I’m currently drawing thousands of circles, instancing a circle geometry (many triangles).
alternatively, I could simply instance a quad (2 triangles), but cut out a circle in the fragment shader, using a distance function and discard
.
which approach would be faster? – is drawing many triangles more expensive than the calculations done in the fragment shader?
The fastest way might depend on the GPU and lots of other factors like how you’re drawing the circles, 2D, 3D, are you blending them, are you using the z-buffer, etc… but in general, less triangles is faster than more, and less pixels is faster than more. So…, all we can really do is try.

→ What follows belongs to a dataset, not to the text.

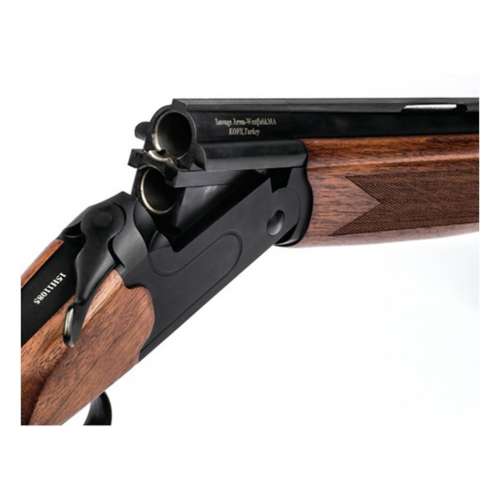 Stevens 555 Over-Under Shotgun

First lets just draw textured quads with no blending. First off I always seem to get inconsistent perf from WebGL but in my tests on my GPU I get 20k-30k quads at 60fps in this 300x150 canvas using instancing
And I get the same perf at 60fps using repeated to geometry instead of instancing. That’s surprising to me because 7-8yrs ago when I tested repeated geometry was 20-30% faster. Whether that’s because of having a better GPU now or a better driver or what I have no idea.
Next thing would be textures or computing a circle in the fragment shader.

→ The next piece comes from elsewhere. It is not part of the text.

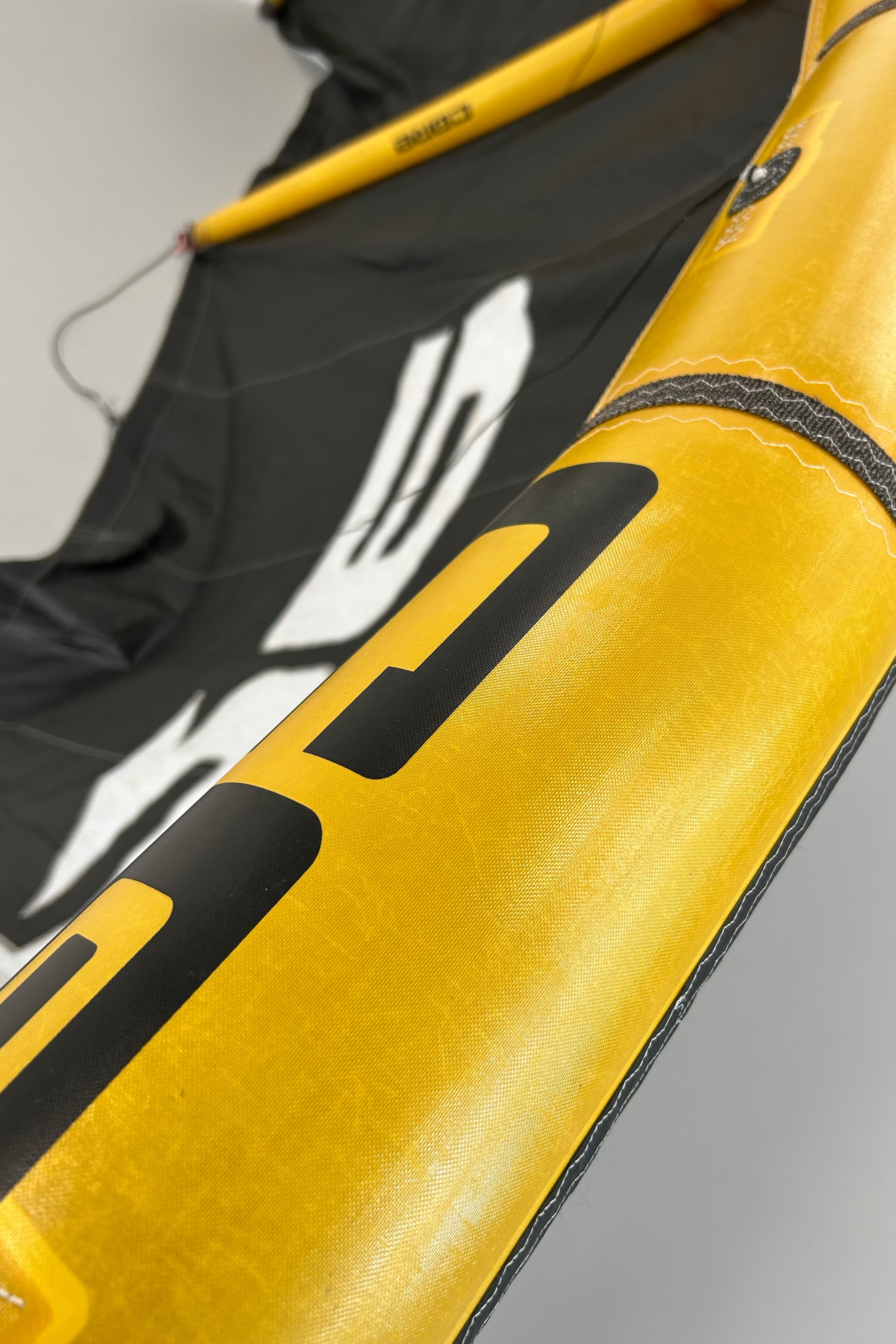 Core Kiteboarding-XR PRO 2 (2nd)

I get no measureable difference. Trying your circle function
I again get no measurable difference. Note: like I said above I get wildly inconsistent results in WebGL. When I ran the first test I got 28k at 60fps. When I ran the second I got 23k. I was surprised since I expected the 2nd to be faster so I ran the first again and only got 23k. The last one I got 29k and was again surprise but then I went back and did the previous and got 29k. Basically that means testing timing in WebGL is nearly impossible. There are so many moving parts given everything is multi-process that getting constant results seems impossible.
Could try discard
Given the inconsistent timing I can’t be sure but my impression is discard is slower. IIRC discard is slow because without discard the GPU knows even before it executes the fragment shader that it’s going to update the z-buffer where as with discard it doesn’t know until after the shader executes and that that difference means certain things can’t be optimized as well.
I’m going to stop there because there’s just too many combinations of things to try.
We could try blending on. Blending is also generally slower though since it has to blend (read the background) but is it slower than discard? I don’t know.
Do you have the depth test on? If so then draw order will be important.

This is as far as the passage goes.